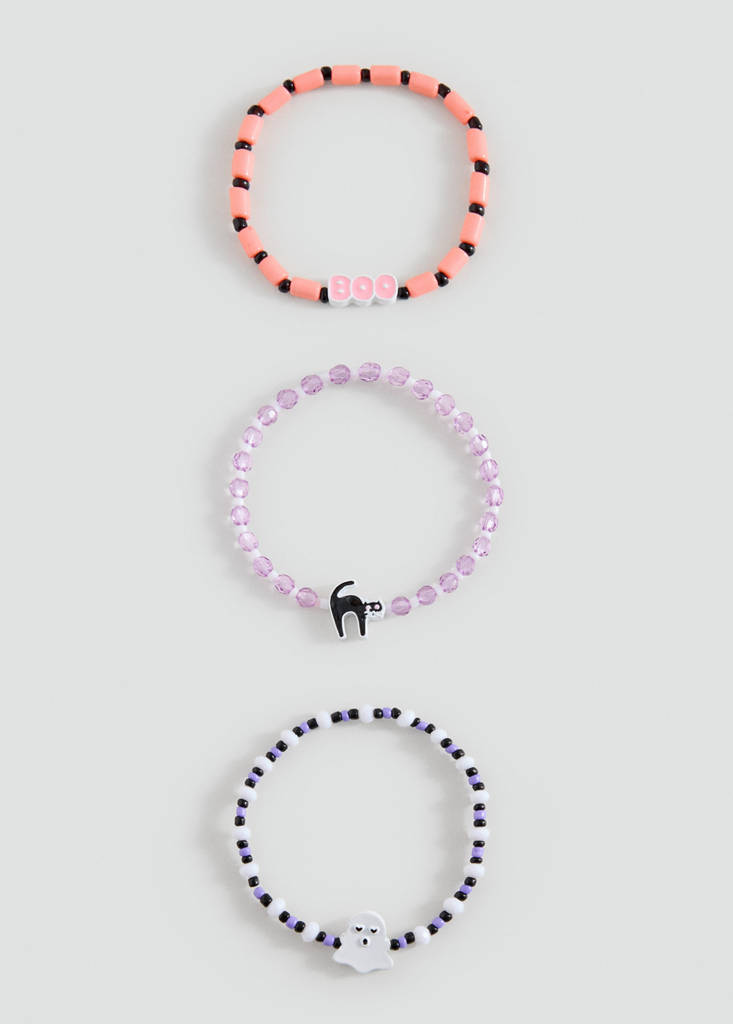 Halloween bracelet set - thumbnail 3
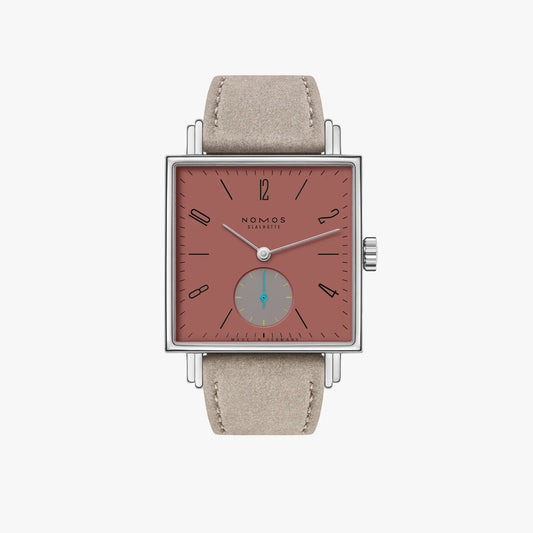 Tetra Terra, Saphir, Handaufzug, Anlage 196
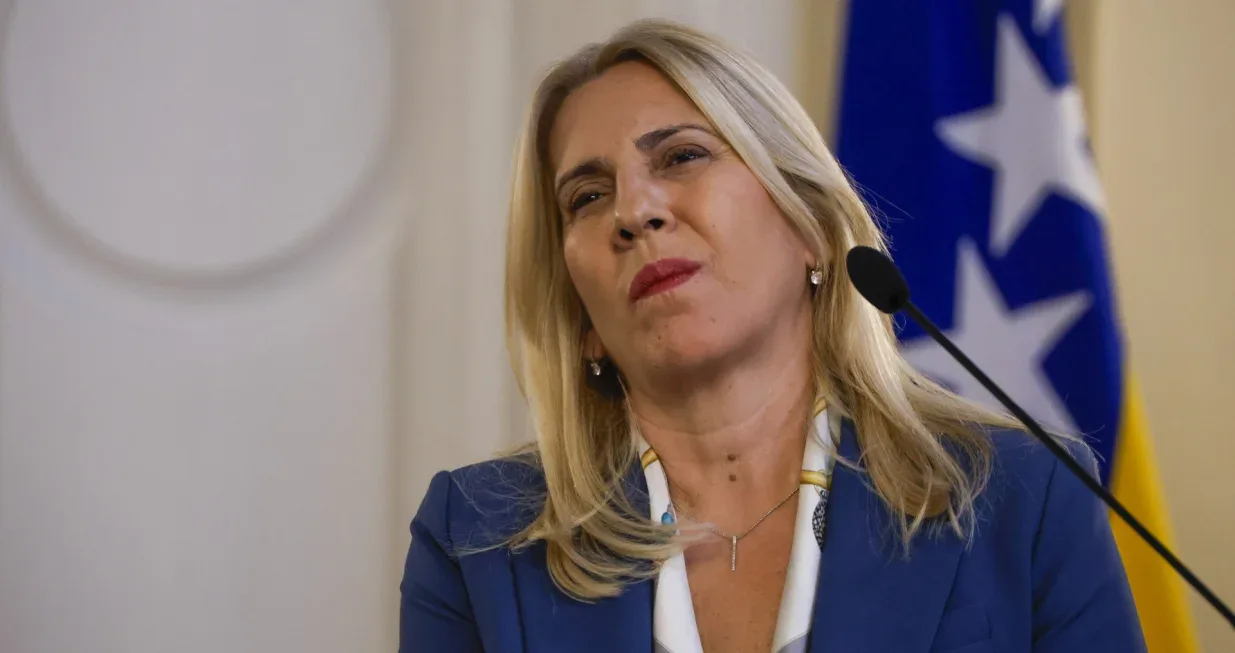 Zeljka cvijanovic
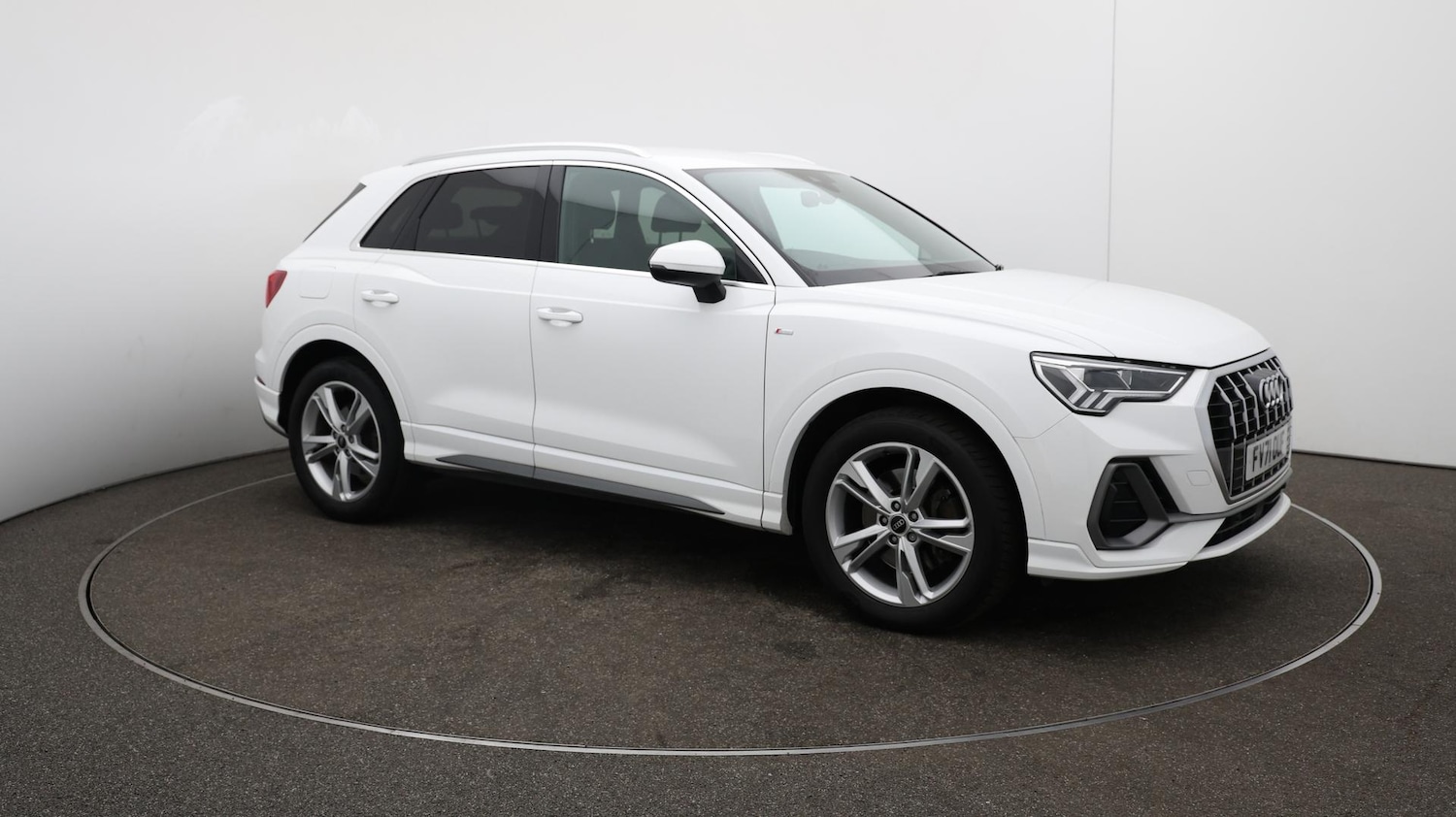 Used Audi Q3 2021 for sale - 76000758: Photo 48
■ ■ ■ ■ ■
▸ TASK DIRECTIONS: Copy the listing above verbatim, leaving out pictures.

▸ WRITTEN RESPONSE:
 Halloween bracelet set - thumbnail 3
 Tetra Terra, Saphir, Handaufzug, Anlage 196
 Zeljka cvijanovic
 Used Audi Q3 2021 for sale - 76000758: Photo 48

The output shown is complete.